Liz Longley

by Richard Cuccaro

The voice soared overhead like a gull caught in an updraft. At times it seemed to hover, held aloft by an unseen fast air current. Then, with breathtaking suddenness it darted upward, taking the hollow in my chest along with it. We were caught off-guard, mesmerized and caught in a thrill. The thrill’s name … Liz Longley.

We had rolled into New Bedford, Mass., for the annual Summerfest on Saturday morning, July 2nd, spit out of a twister. Wednesday night, finish the July issue, then get two hours of sleep; Thursday, pedal-to-the-metal from NYC to Fall River, Mass. to check into the hotel, nap, drive halfway up Cape Cod for sightseeing and dinner, back to Fall River; Friday, visit friends in R.I., get dinner in Massachusetts, then head back to the hotel.

By Saturday, I should’ve been caught up on sleep, but struggled to find the energy for the game of musical chairs at Summerfest. Newly appointed chair police at the main Custom House stage prevented attendees from saving seats for hours at a time.

“Introducing Liz Longley”

Over the weekend, each of seven stages off the cobbled streets of the Whaling Museum district grew packed to overflowing.

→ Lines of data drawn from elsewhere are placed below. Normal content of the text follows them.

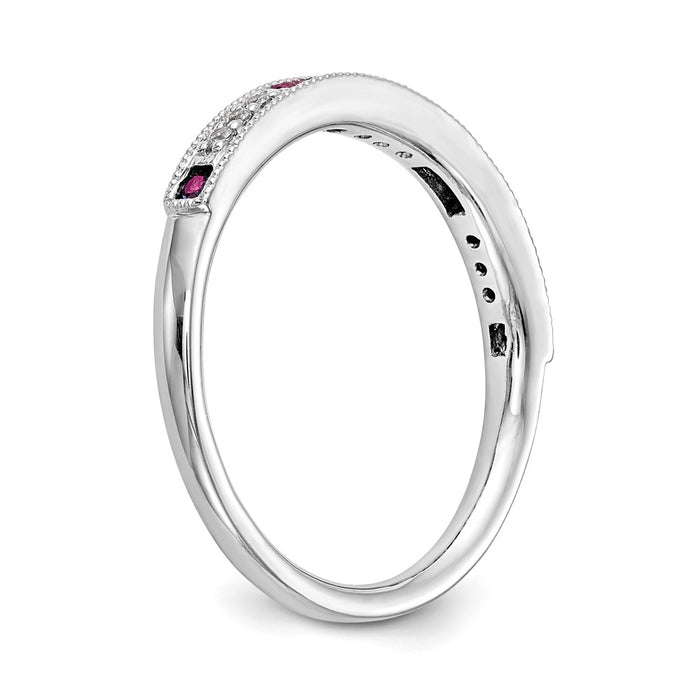 High-Quality 14K White Gold Diamond & Ruby Wedding Band - Stylish Value!-6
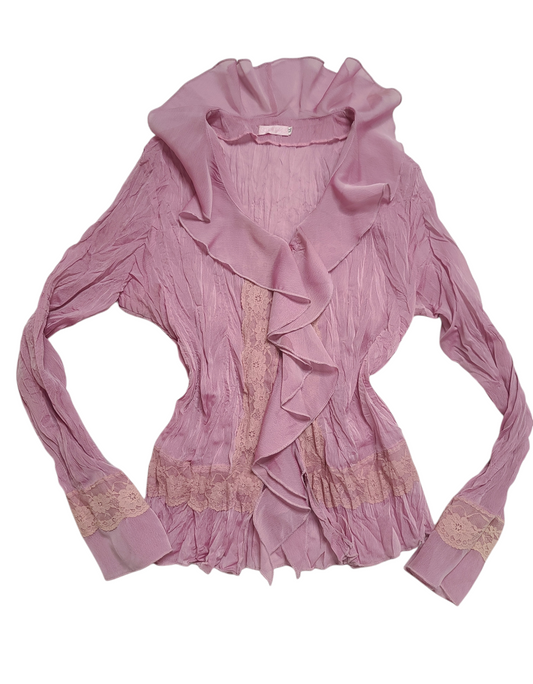 Y2k vintage coquette fairy ruffled shirt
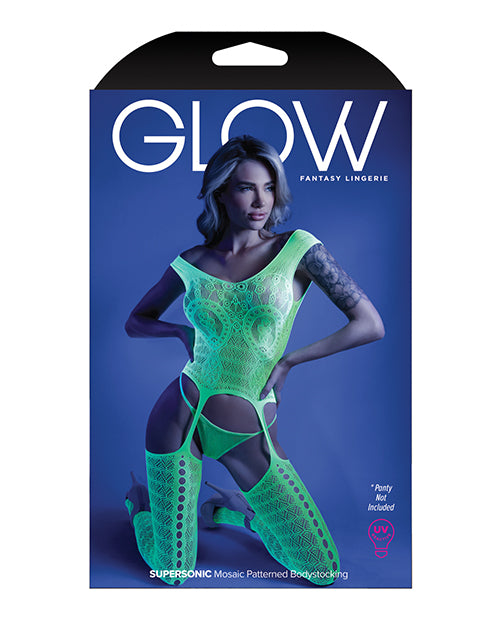 Glow Black Light Mosaic Pattern Gartered Bodystocking Neon Green O-s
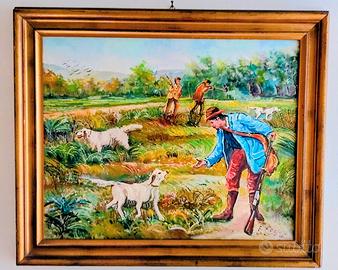 Quadro con cacciatore dipinto a mano su tela.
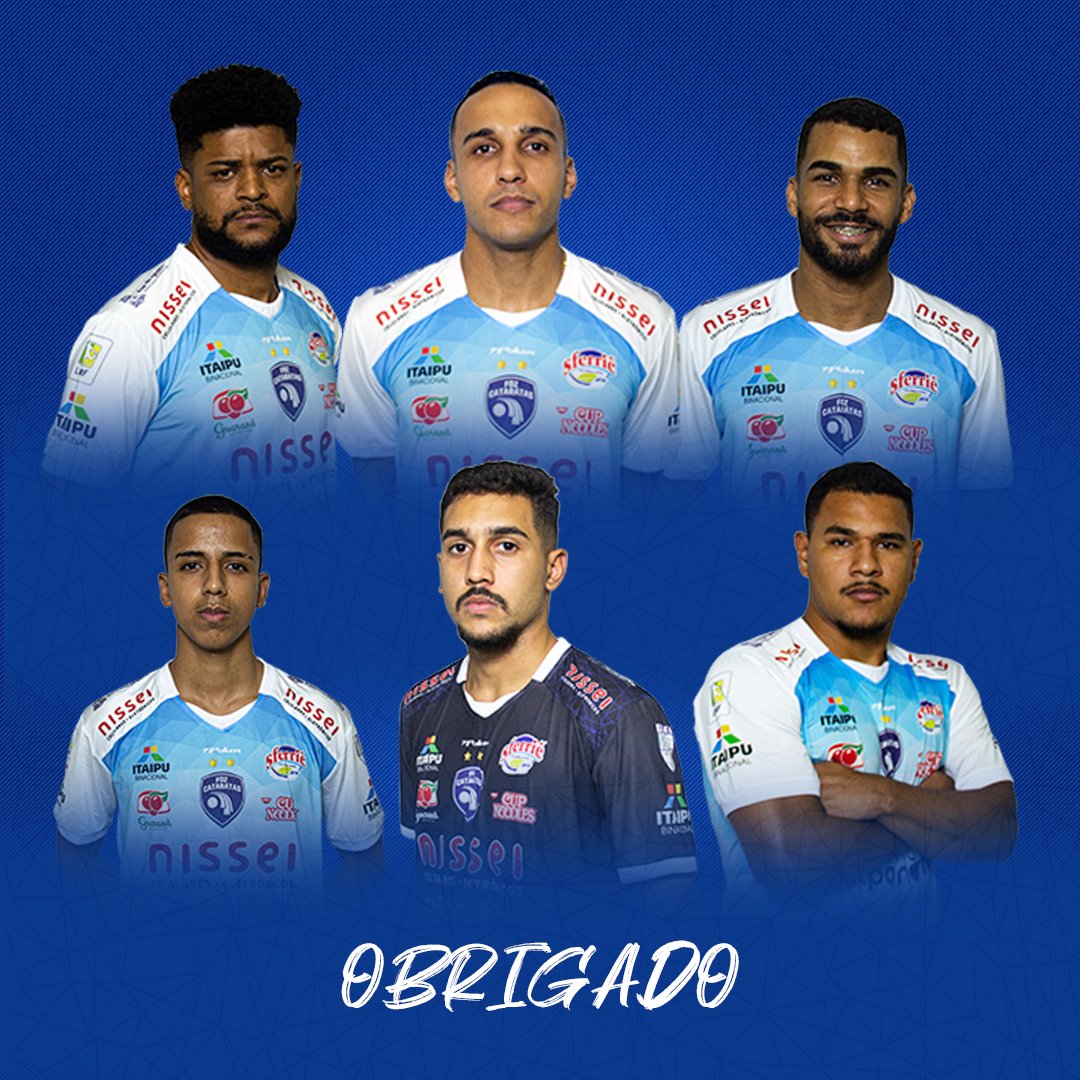 O Foz Cataratas Poker Futsal anuncia a não renovação dos contratos dos atletas Gê, Biel, Churrasco, Olavo, Feijão e Gustavo.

Seats opened up after each act and the first attendees to dash to freshly vacated chairs near the front became winners.

There was no mad dash for us for the first performance at the small canopied area at the National Park Garden Stage. As usual, we arrived at the festival at about 9:00 am and the first show didn’t begin until 11. The chairs were empty and there were no chair police to prevent us from saving a couple of seats for the first act. We got our press badges and scoped the local eateries while we waited. 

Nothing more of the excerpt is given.